## What is being asked:
Don't include any picture when you restate the data word for word.

## Exercise data:
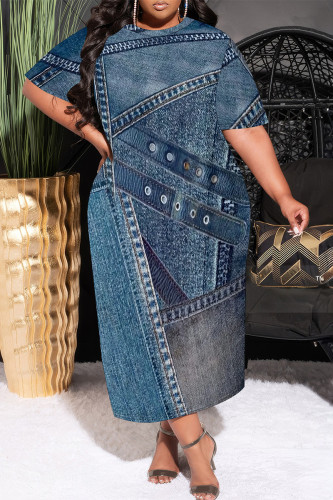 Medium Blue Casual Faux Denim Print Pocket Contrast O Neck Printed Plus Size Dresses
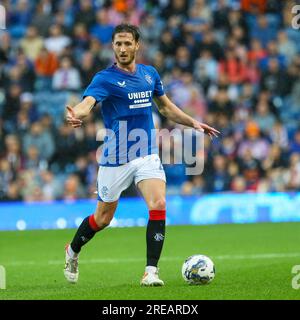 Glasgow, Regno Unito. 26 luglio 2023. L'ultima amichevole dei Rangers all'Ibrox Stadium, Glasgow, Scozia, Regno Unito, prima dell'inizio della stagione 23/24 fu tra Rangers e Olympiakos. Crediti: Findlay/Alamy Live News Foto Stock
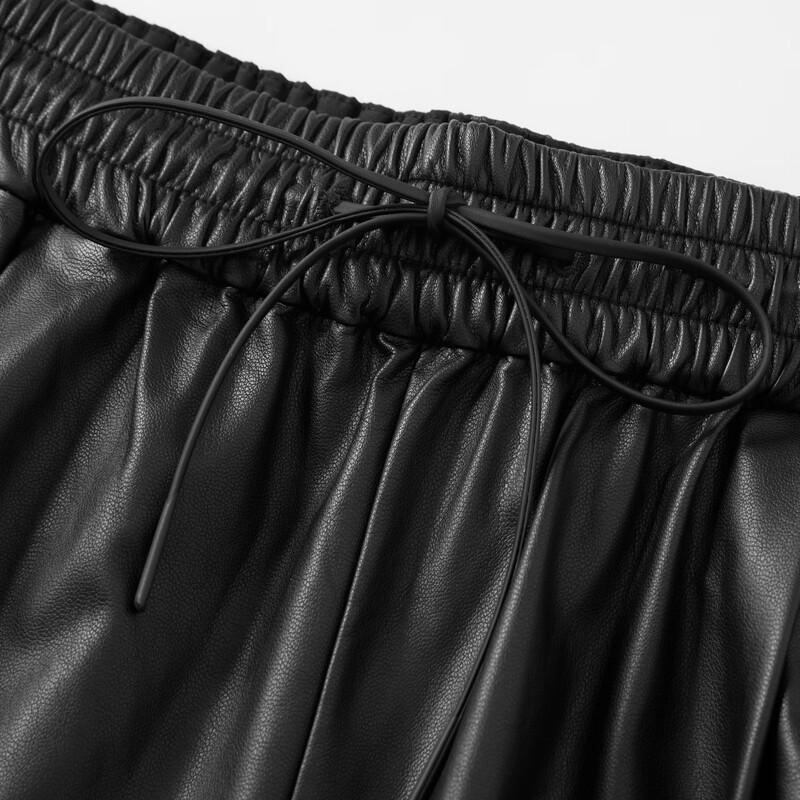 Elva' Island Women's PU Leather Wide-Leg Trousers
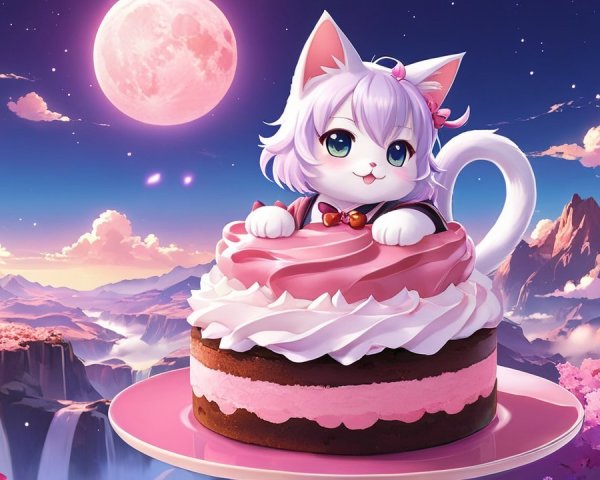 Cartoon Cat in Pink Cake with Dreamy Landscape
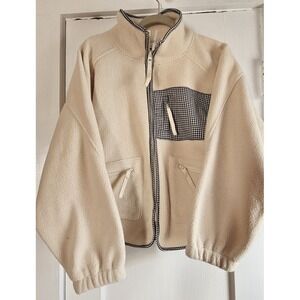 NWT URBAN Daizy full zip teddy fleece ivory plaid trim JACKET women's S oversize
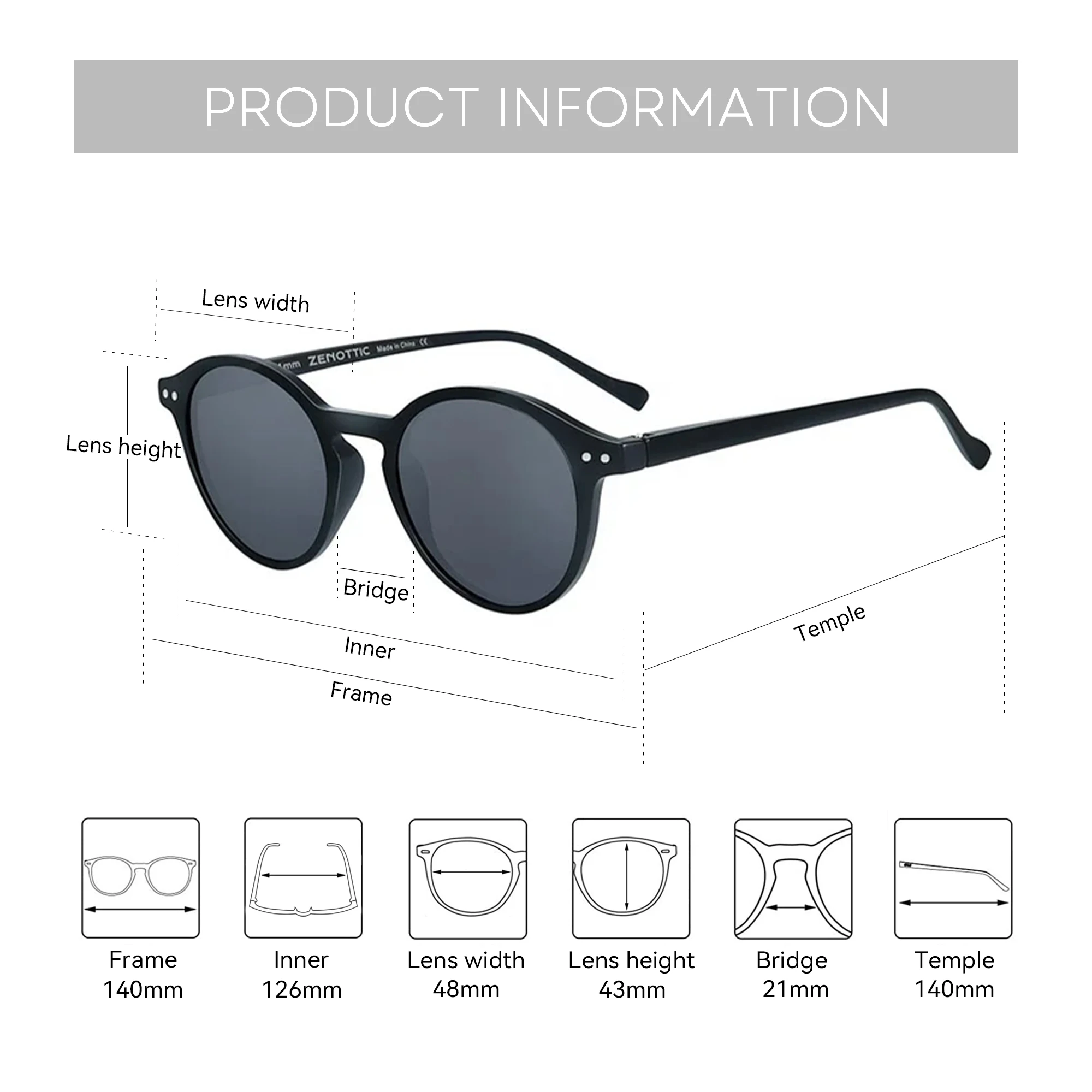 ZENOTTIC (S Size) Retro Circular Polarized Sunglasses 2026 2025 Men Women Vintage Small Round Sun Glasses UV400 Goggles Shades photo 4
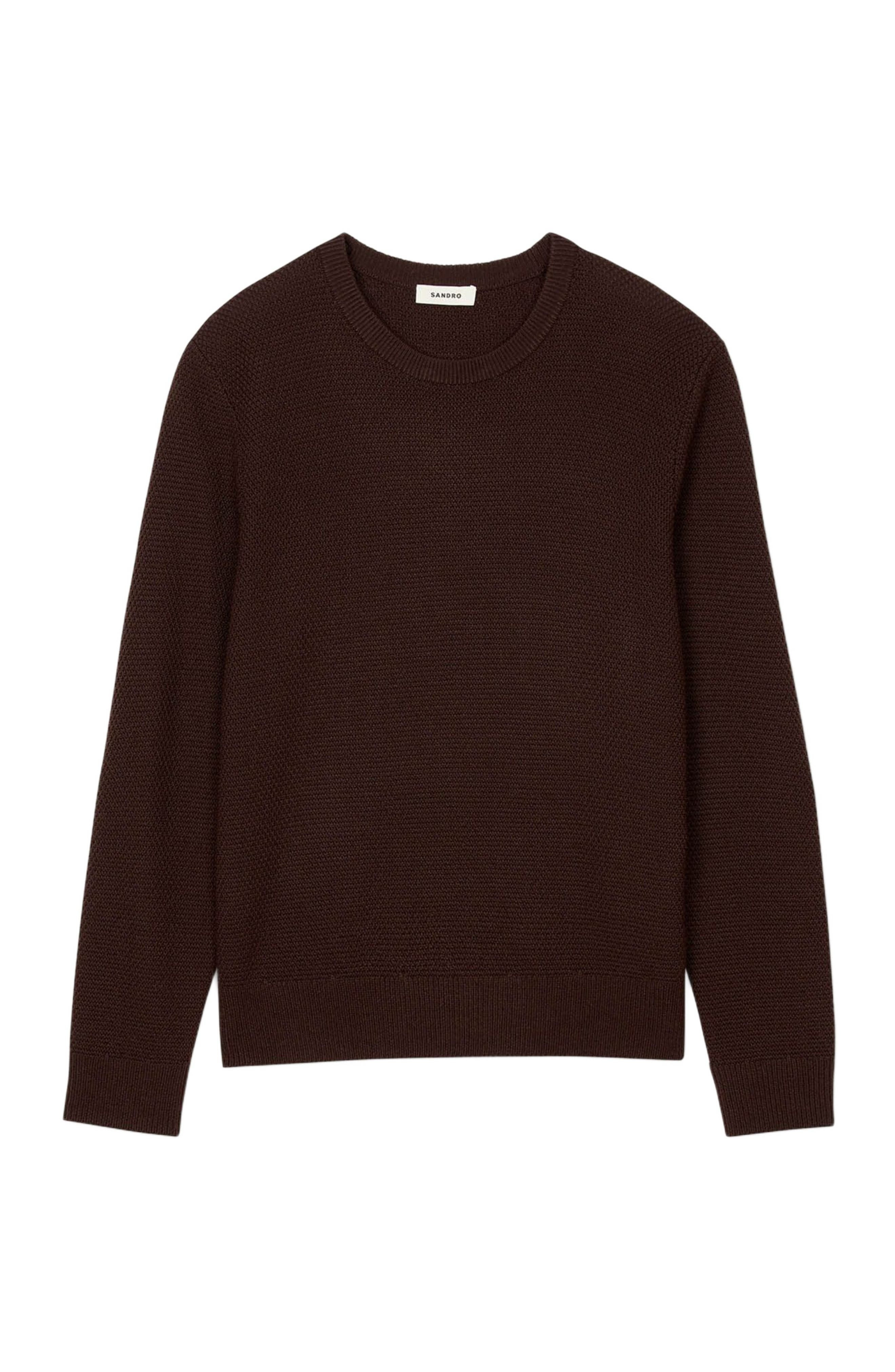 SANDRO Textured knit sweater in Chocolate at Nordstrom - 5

## Answer box:
 Medium Blue Casual Faux Denim Print Pocket Contrast O Neck Printed Plus Size Dresses
 Glasgow, Regno Unito. 26 luglio 2023. L'ultima amichevole dei Rangers all'Ibrox Stadium, Glasgow, Scozia, Regno Unito, prima dell'inizio della stagione 23/24 fu tra Rangers e Olympiakos. Crediti: Findlay/Alamy Live News Foto Stock
 Elva' Island Women's PU Leather Wide-Leg Trousers
 Cartoon Cat in Pink Cake with Dreamy Landscape
 NWT URBAN Daizy full zip teddy fleece ivory plaid trim JACKET women's S oversize
 ZENOTTIC (S Size) Retro Circular Polarized Sunglasses 2026 2025 Men Women Vintage Small Round Sun Glasses UV400 Goggles Shades photo 4
 SANDRO Textured knit sweater in Chocolate at Nordstrom - 5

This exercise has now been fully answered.